Survivor’s cocky jocks get a taste of reward and reprisal
Don't mess with Cydney's strength, Nick, Jason, and Scot. (Screen grab by CBS Entertainment)

What was particularly great about the Survivor Kaoh Rong vote last night was, in no particular order, the following:

  • It was a true blindside, not a #blindside.
  • Nick was sent home at his first Tribal Council, having successfully avoided it for 22 days.
  • Jason and Scot were also blindsided.
  • The blindside came from within the dominant alliance, as Cydney made good on her promise that “irritated Cydney will blow the whole game up.”
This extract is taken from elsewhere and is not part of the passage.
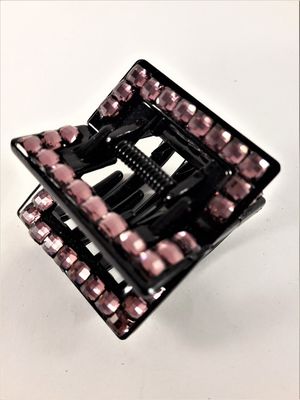 Svart hårklämma med rosa detaljer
  • It was entirely of Jason, Scot, and Nick’s making: questioning Cydney’s loyalty, bailing from the immunity challenge for food. Oh, cockiness, you provide such great narrative arcs!
  • Nick exited after a display of such cockiness I’m surprised CBS didn’t blur it out. He basically told Aubry exactly how the vote would go and then told her, “I know I’m acting arrogant and all that stuff,” and then said to the cameras, incredibly, “When you’re at your weakest, I’m right there for you. She knows it but she cant do it anything about it.” But oh, how Aubry did do something about it.
  • Tai’s vote for Jason. I don’t know why he voted that way but I’m so glad he voted for that creep.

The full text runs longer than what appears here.